In March 1857, Pandey, a soldier in the armies of the British East India Company, the commercial venture of freebooters and merchants that ruled India, attacked his officers and called on his fellow soldiers to join him. He was apparently incensed by the army's new gun cartridges, which were rumored to be coated with the grease of pigs and cows, thereby forcing him to violate his Hindu beliefs. Pandey's putsch failed; he was court-martialed and executed. But the rebellion spread, with soldiers rising up across India and proclaiming an aging Mughal ruler as Emperor. The British brutally won back city after city, and extinguished the mutiny. But when the Indians finally threw the British out 90 years later, they celebrated 1857 as their first war of independence, and Pandey as its first martyr.
All this is solid material for a movie, and The Rising has been keenly anticipated, not least because it stars Aamir Khan, widely considered Bollywood's best actor. An aggressive marketing campaign saw images of Khan, looking livid but dashing in his red British uniform, plastered on billboards across India. Theaters were sold out on opening day. Then the protests began.
First to criticize the film were nationalistically minded viewers who didn't like the fact that it shows Pandey cavorting with prostitutes, consuming the narcotic bhang, and even befriending a "Britisher"—the film is structured around a friendship between Pandey and an English officer named Gordon. The director, Ketan Mehta, has a reasonable defense: the movie begins with a disclaimer, stating that it's a hybrid of fact and fiction. Not much is known about Pandey's life, and the film invents liberally; yet there is some plausibility to its inventions. No one knows, for example, whether or not Pandey used drugs, but the historical record shows that his officers did think he was under the influence. The friendship between Pandey and a British officer is invented and improbable, but it's justifiably in the film to prevent it from tipping over into chauvinism. The friendship also reflects the historical truth that not all British soldiers were racists, and that amidst its looting and profiteering, the Company did some good—for instance, by banning sati (wife burning).

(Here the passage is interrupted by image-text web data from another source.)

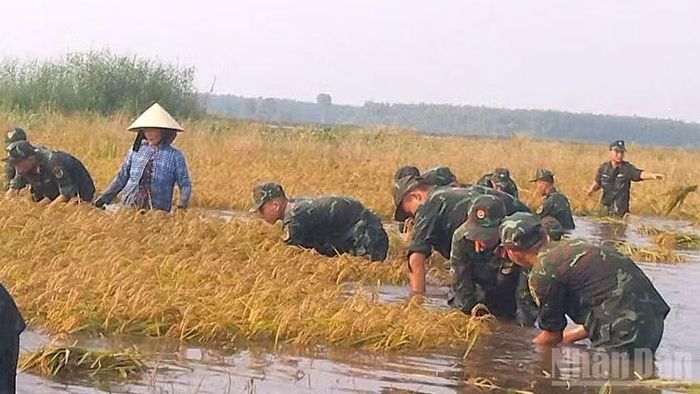 Cán bộ, chiến sĩ giúp dân thu hoạch lúa cùng người dân thu hoạch lúa ngập nước. (Ảnh: THANH PHONG)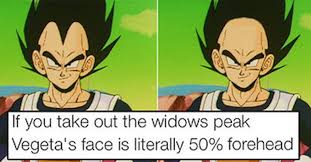 Dragon ball z pictures memes. 20 Hilarious Dragon Ball Memes Only True Fans Will Understand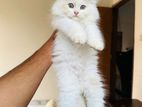 Persian cat kitten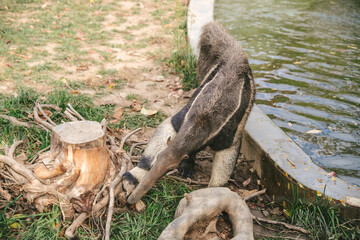 Giant Anteater Inside The Pittsburgh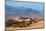 USA, Death Valley National Park, Mesquite Flat Sand Dunes-Catharina Lux-Mounted Photographic Print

In any case, the charge of character assassination is preposterous. The Rising isn't particularly good, but Khan is splendid: by turns virile and pensive, he has created a thinking hero of a kind rarely seen in Indian movies. And that's riled up another set of the movie's critics—an iconoclastic group that delights in punching holes in the heroes that many Indians hold sacred. This lot, shooting off columns in magazines and papers, has suggested that Pandey wasn't fighting for India, which didn't even exist in 1857, but was just a village boy furious that he couldn't be a good Hindu because of the animal fat on his cartridges. The iconoclasts might be onto something—the film's portrayal of Pandey as a progressive democrat committed to equality and religious accord is howlingly implausible, given the era in which he lived. Still, it's a harmless piece of idealization in a country that could do with more harmony.
It seems hardest to defend the film from the last group of detractors: those who complain that it panders to the West in the hopes of repeating Lagaan's success abroad. The movie does come with a full load of Orientalist clichés. There are far too many elephants, dancing girls, and cows walking about, and the British officer gets a suspicious amount of screen time, suggesting that this film was carefully calculated to do well with audiences in Britain and America. But for all its stereotypes and implausibilities, this is a movie worth defending: because if everyone attacks The Rising, who in India will dare to make another historical film? And if provocative period pieces become a thing of the past, we are doomed to a future in which confections about ishq rule unchallenged.